The first initiative of this program was a data science and basketball incubator, held in Toronto this past summer. The incubator helped kids apply data science to sports analysis. In this post, we look back at the key highlights of the incubator, and what’s next for this program.

Collaborative efforts at play

Katina Papulkas, Senior Education Strategist at Dell Technologies, reached out to the Callysto team after meeting them at a BCNET conference. They were looking for an organization with experience with data science education, and the Callysto team has spearheaded the resource development. “It has been great to collaborate with the PS43 Foundation, Dell Technologies, and Digital Moment on this data science project,” says David Hay, Education Specialist for Callysto. “Each organization brings unique strengths and opportunities, and these have been great people to work with.”

“We are delighted to be a part of such a talented team,” says Matthew Griffin, Senior Programs Manager at Digital Moment. “As the program rolls out, Digital Moment's team of Learning Specialists will be used to make sure as many teachers and school boards have access to these materials and assistance where they need it."

“The summer data science and basketball incubator demonstrate how, when organizations come together and focus on their strengths, exciting educational experiences happen for kids,” says Katina. “This kind of collaboration is key to innovation in the education space.”

Recapping the students’ journey

During the nine-day incubator, a group of students, who just finished Grade 9, were introduced to the foundational concepts of Python, the most popular and versatile programming language for data science and machine learning. They proceeded to use basic Python syntax, pandas and Plotly libraries to analyze open data from the National Basketball Association (NBA) and the Women's National Basketball Association (WNBA).

In the beginning, students showed differing levels of enthusiasm for basketball and data science, with some demonstrating little interest in either domain. However, as they progressed through the incubator's hands-on problem-solving activities, they gained new skills and their enthusiasm increased.

"Only a handful of students had previous coding experience, and a few were even unfamiliar with basic keyboard shortcuts like copy and paste," explains Lukas Notten, a physics and math teacher at Monsignor Percy Johnson Catholic Secondary School in Toronto. "However, by the conclusion, all of them had acquired noticeably enhanced computer skills and were thrilled with the projects they had completed during their time here."

A unique approach to student engagement and creativity

Lessons on Python, Jupyter Notebooks, and design thinking were intermixed with physical activities, to boost student engagement.

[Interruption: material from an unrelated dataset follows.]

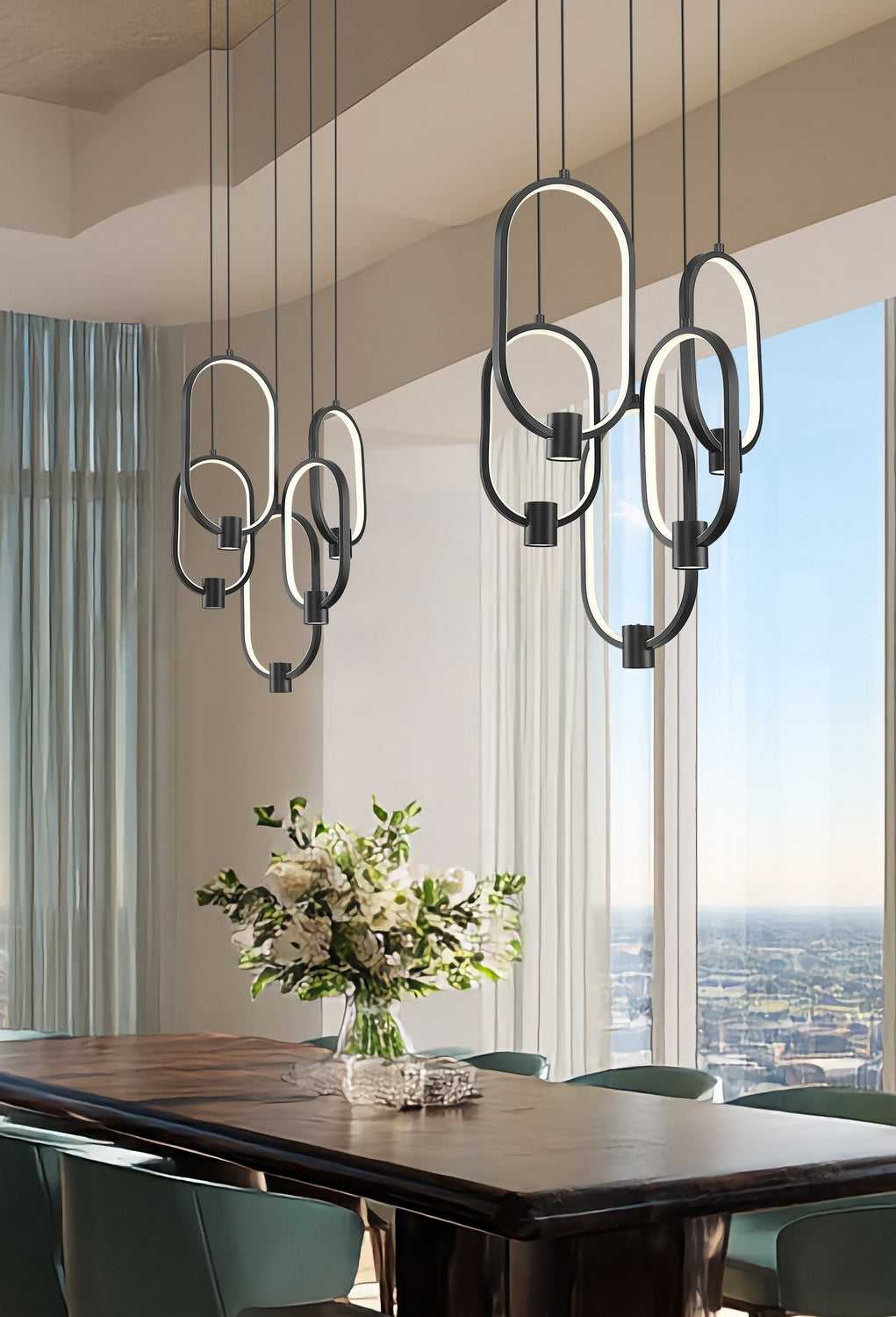 Saros LED Chandelier in Matte Black Z-Lite Canada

"In the initial stages, our lesson segments were rather lengthy, and we observed that students would become impatient," Lukas recalls. "To address this issue, we transitioned to shorter lesson segments interspersed with basketball games. This approach helped the students stay engaged and focused during the learning blocks.”

Throughout the course of the incubator, students worked on individual data science projects. One student sought to determine whether Pascal Siakam showed improvement in his field goal performance (a basket scored on any shot or tap other than a free throw) over seven seasons. Their findings revealed a positive trend, indicating he consistently increased his shooting accuracy. They also observed that, in the 2019-20 season, Pascal's 3-point shots showed a significant improvement compared to other seasons. The student noted these findings could provide valuable insights for Pascal's coaching staff, helping them identify when he performed best and offering clues about what contributed to his high percentage.

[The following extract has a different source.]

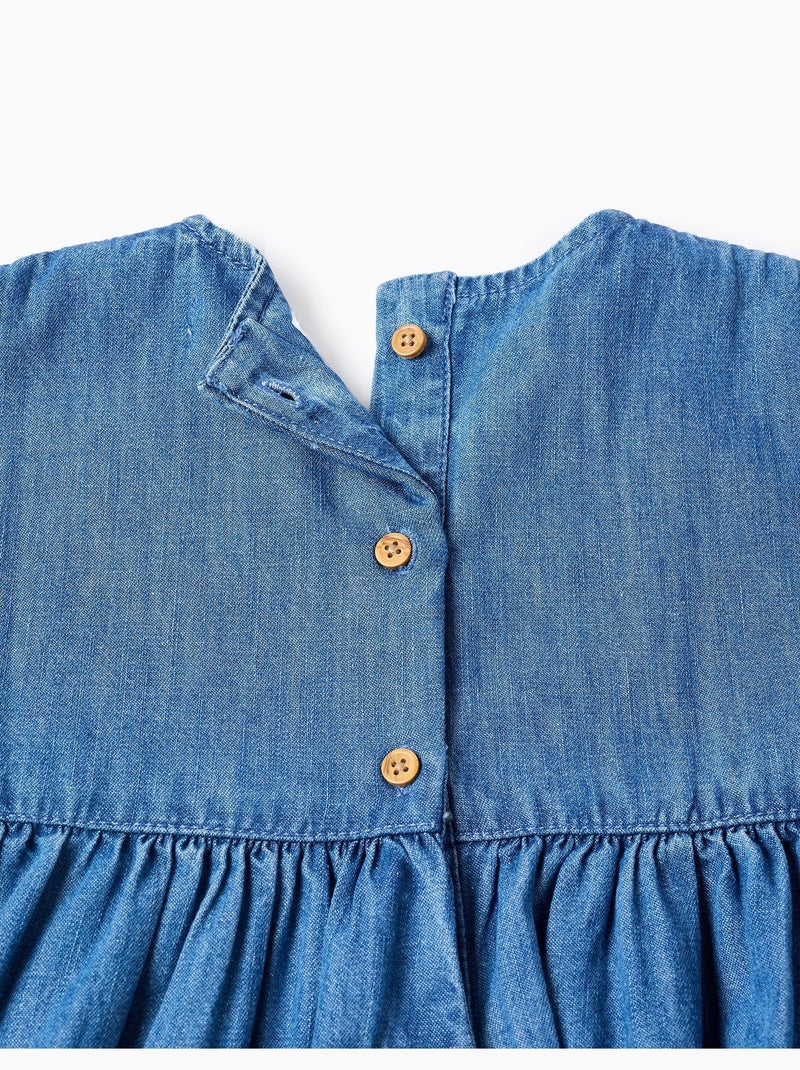 Abito in denim a manica corta con fiori ricamati Blu Blu - Kiabi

“Being a part of the incubator helped me learn how to take information from anywhere and turn it into a graph,” says one student participant. “But it's not just about making graphs, it's also about the story the graph tells and how the information is shown. The story your graph tells plays a big role in how decisions are made.”

By pooling resources and expertise, Callysto and collaborators orchestrated a fruitful learning experience for the students, hopefully fostering a dual passion for data science and athletics.

A wider roll-out in October

The Data Dunkers program is currently preparing for a larger Toronto-wide launch.

“The plan is to provide professional development and collaboration time with about 30 educators from Toronto Catholic, starting in October,” says David. “This will culminate in an event at the "Raptors 905" (farm team) arena in December.”

After the Toronto roll-out, the goal is for Data Dunkers to be promoted to a wider audience in Ontario, Quebec (translated version), and across the rest of Canada in the coming year.